Open zeerooth opened 1 year ago

zeerooth commented 1 year ago

Currently kitsune's upload backend just takes the file and (if it's an allowed filetype) places it in the specified storage backend. This behavior is of course correct and acceptable, but I'd be nice to implement an optional feature of image/video/audio compression on upload so as to save on storage space and bandwidth.

At this moment AV1 is probably the most effective encoding format that's suitable both for image and video and supported by (almost) all major browsers + there are a few crates in the rust ecosystem that deal with AV1, with the most notable being rav1e.

Edit: for more clarification, I'm referring here to both AV1 and AVIF (which is based on AV1). rav1e crate is only for video, so for image encoding we'd need to use a different crate like cavif-rs.

aumetra commented 1 year ago

That's something we could shove into the AttachmentService and run on our rayon threadpool we already utilize for password hashing.

(Maybe we could create a separate threadpool in the future, so that password hashing and verification aren't impacted by large attachments?)

aumetra commented 1 year ago

But I think Safari is still lacking AVIF support, so maybe we should convert into something like WebP for now?

Edit: Reference

zeerooth commented 1 year ago

But I think Safari is still lacking AVIF support, so maybe we should convert into something like WebP for now?

Edit: Reference

Safari supports AVIF but supports AV1 video decoding only on devices that have the hardware decoder, unfortunately, but that means that the newest Apple devices should work. Edge is more of a problem I think, cause there it only works if you enable feature flag, which is not on by default. Anyhow, I think that in both cases it's just a matter of time that the support gets added, but the question is just whether it's a matter of weeks or months?

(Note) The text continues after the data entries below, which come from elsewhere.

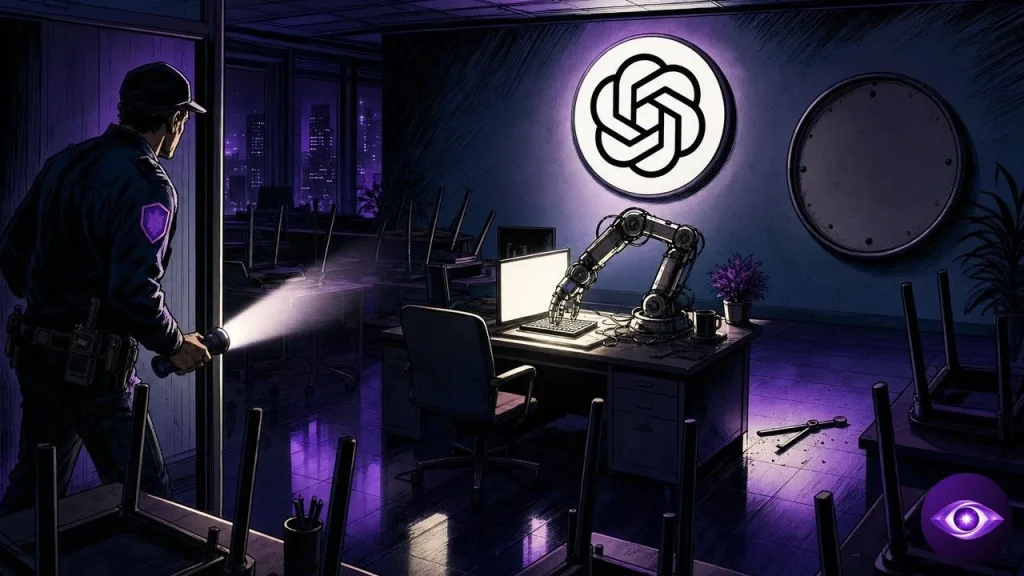 Codex drives a robotic arm alone in an empty office at night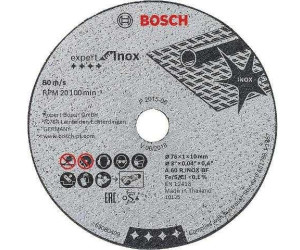Soldes Bosch Disque diamant Expert for Inox Ø76 mm (2608601520) 2024 au  meilleur prix sur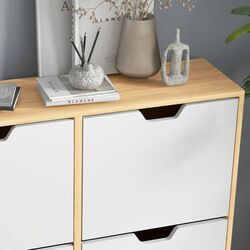 Тумба для обуви Homcom 837-394V80ND 95x26 cm (White/Natural Oak) Thumb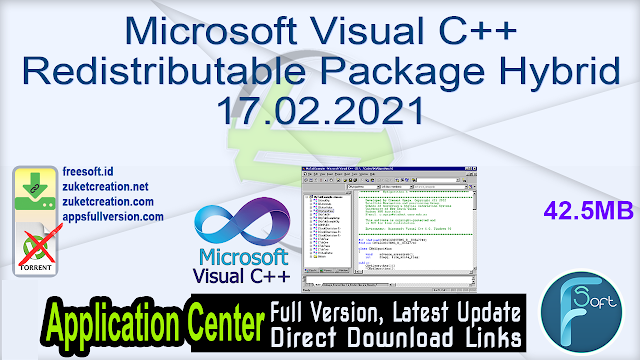 Microsoft Visual C Redistributable Package Hybrid 17 02 21 Free Download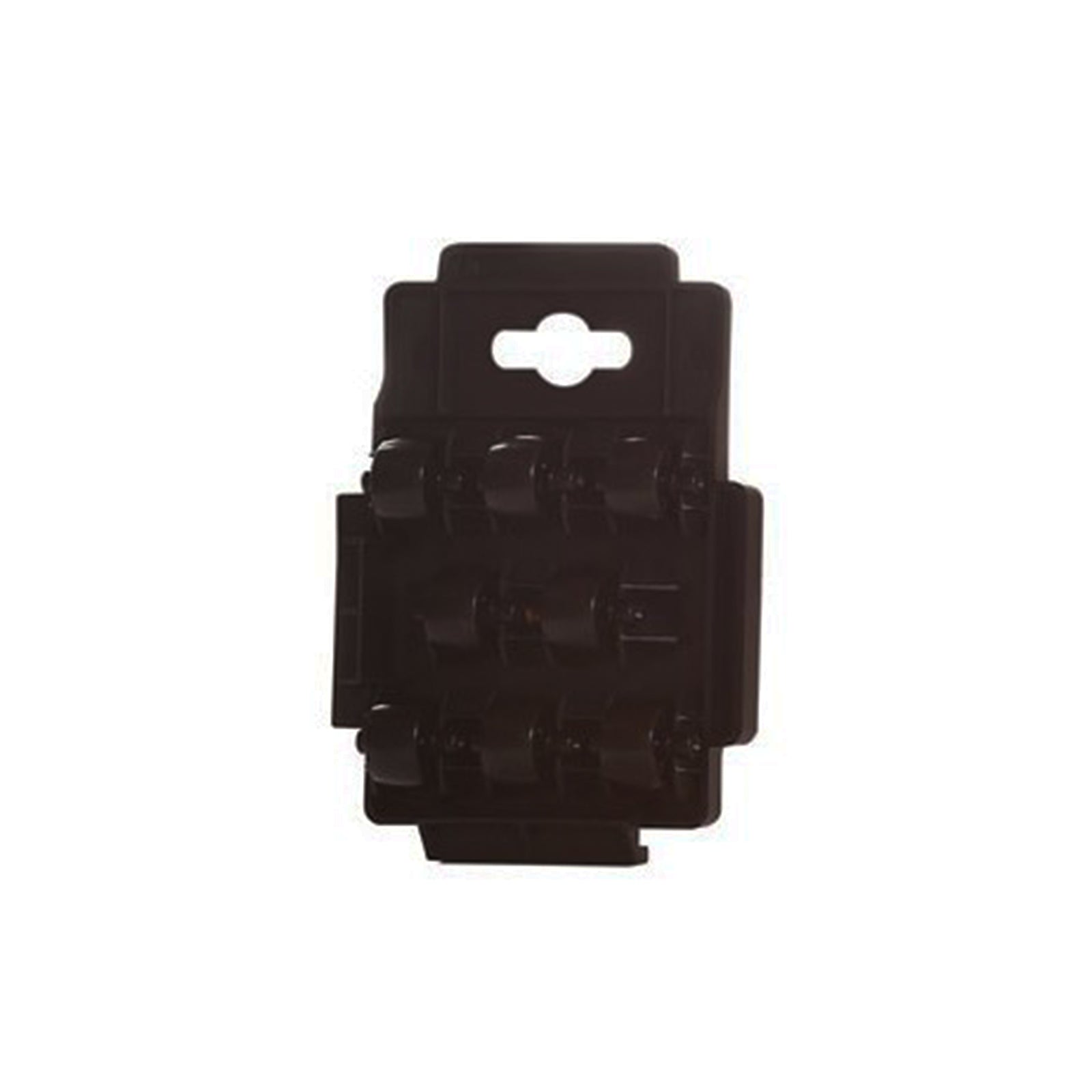 Carrello sposta mobili in plastica robusta pedana con ruote portata 150 kg "Made in Italy"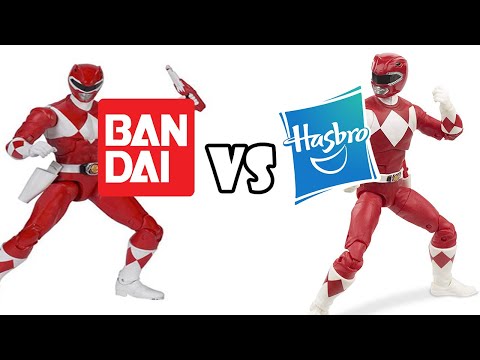 Bandai VS Hasbro: Power Rangers Legacy Collection VS Lightning Collection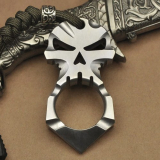 Titanium Skull Skeleton Pendant Keychain Tool-Devil eye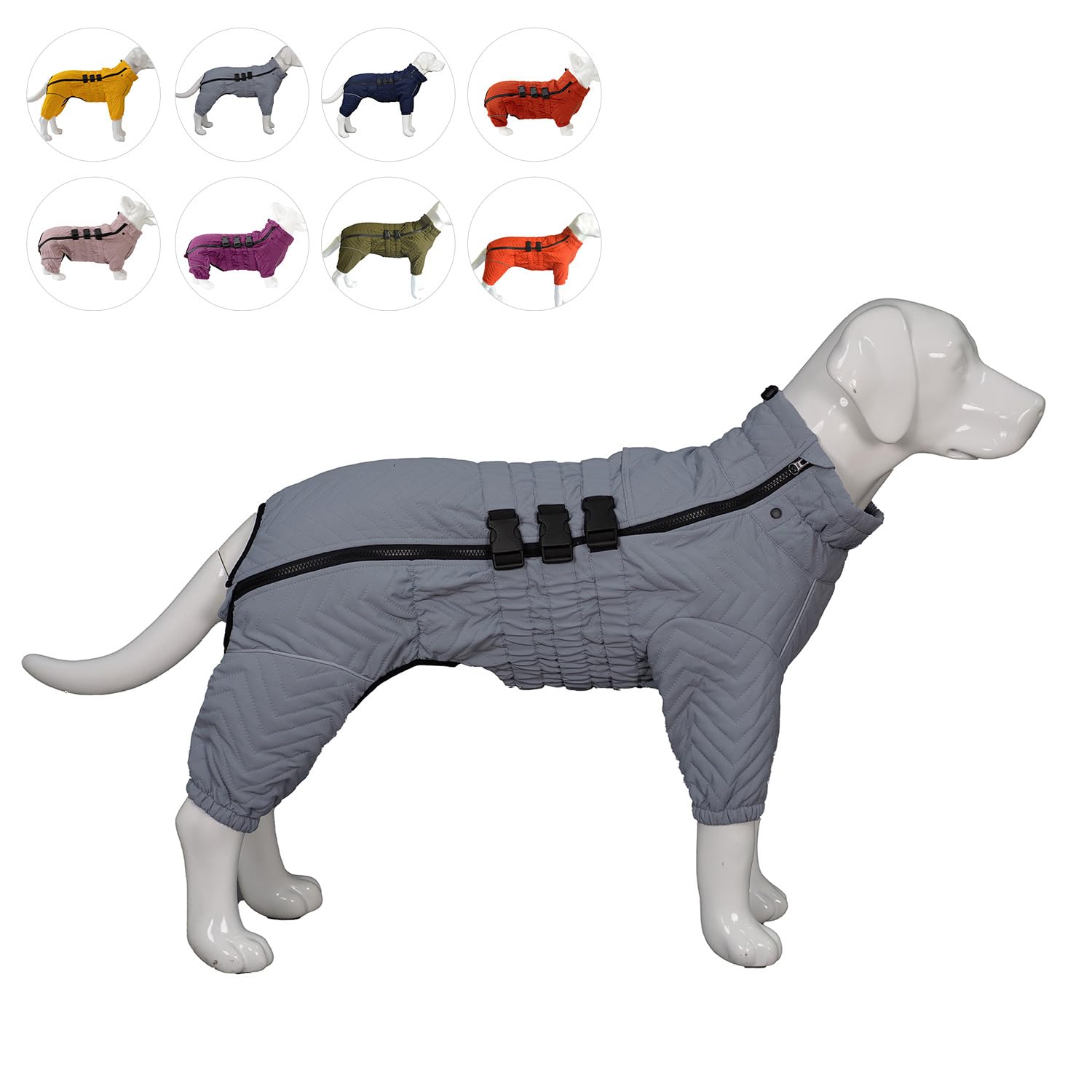 Dog Coat Waterproof Reflective - Grey 4XL-image-c89263eb-f6c9-475b-94a3-6088c9b2aa98-104146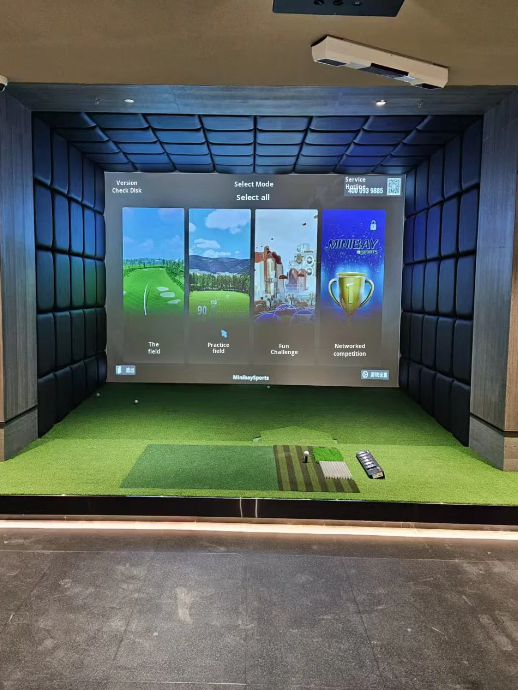 High-End 4K Golf Simulator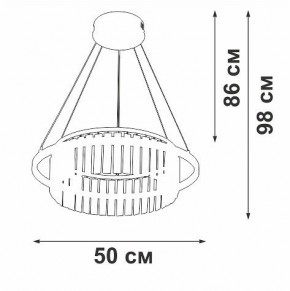 Подвесная люстра Vitaluce V54010 V54010-0/1S в Верхней Пышме - verhnyaya-pyshma.mebel24.online | фото 6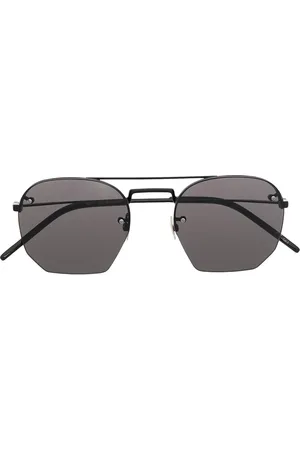 Saint Laurent Lunettes de soleil à monture aviateur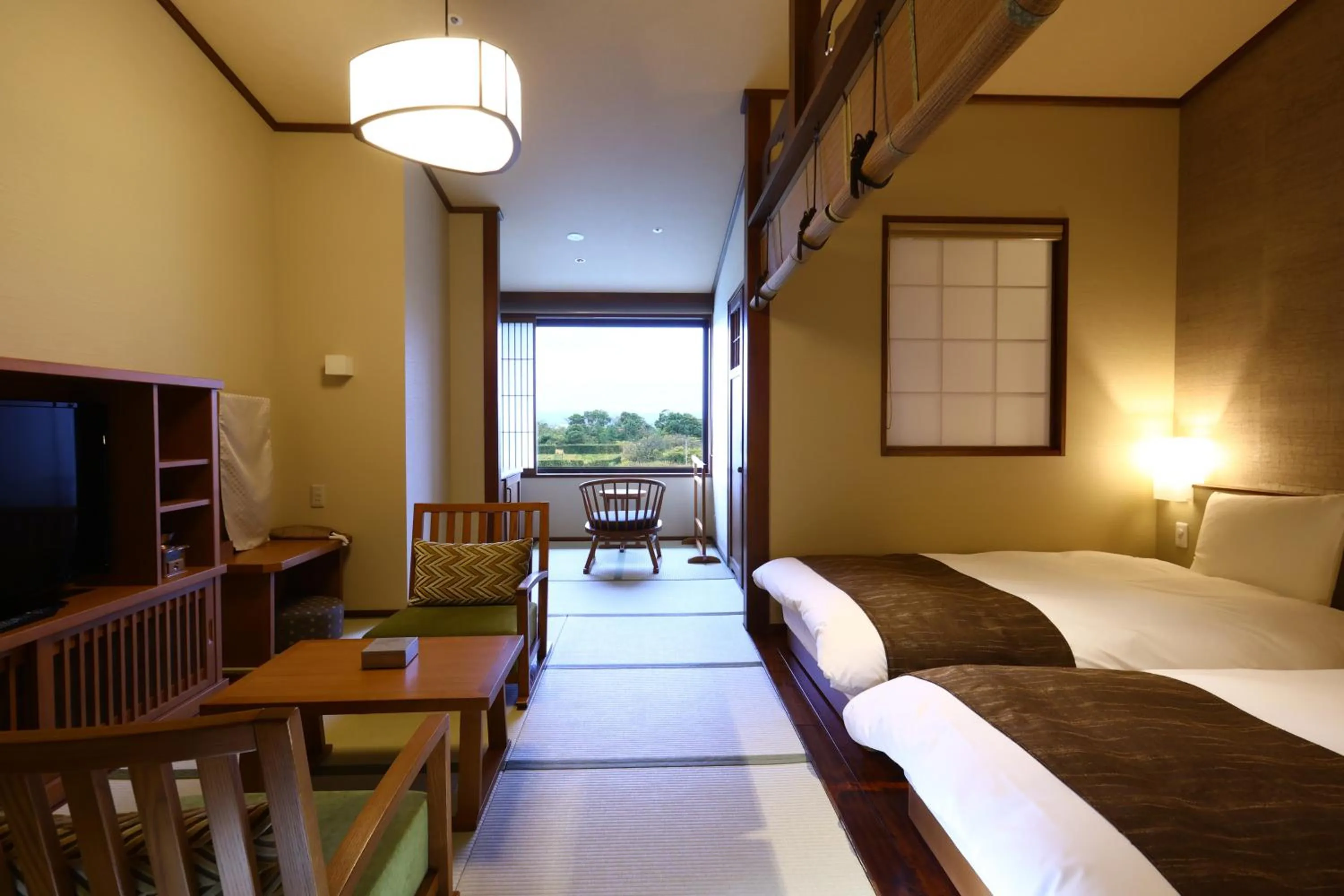 Photo of the whole room, Bed in Inishie no Yado Keiun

zeerooth commented 1 year ago

WebP would also work, most definitely, but in the end AVIF is just about superior in just about every measure, though we could implement different backends for now and later switch the default, that's fine, with proper abstractions this shouldn't be an issue. Or just wait for some time and add media compression at the time that Safari and Edge fully embrace AV1/AVIF (hopefully not too long from now lol).

aumetra commented 1 year ago

Yeah, should be doable. We could probably throw it into another crate with a nice abstraction over a Bytes stream and just process it via a rayon threadpool and some Tokio oneshots to preserve asynchronicity

aumetra commented 1 year ago

Update about the threadpool situation: I added the kitsune-blocking crate with separate threadpools for cryptographic work and general CPU work (PR: #382).

The internals make it easy to define another threadpool, so we can just define a separate threadpool for media compression (if desired; otherwise we can just use the general purpose pool).

aumetra commented 1 year ago

And about the format question: Not sure if we should even wait (or use WebP), we could also just say "Screw Edge" and convert to AVIF unconditionally. Then again, I'm also not sure how well certain Mastodon clients support AVIF?

I'm assuming the support there is OS dependent?

zeerooth commented 1 year ago

Depends on the client, any web client will be dependent on browser compatibility, clients based on electron use chromium under the hood so AVIF should work but for others? FediLab for example, the client for Android that I use seems like it doesn't support AVIF yet but others might.

I may be a bit biased as I'm a big fan of the AV1/AVIF project in general but I think that it's better to already focus on this objectively better format as we'll have to make a switch anyway and it's going to be some time until kitsune gets a stable release probably. Also I think it'd be a cool feature that differenciates kitsune from most other fedi software and potentially help owners who have limited storage capabilities.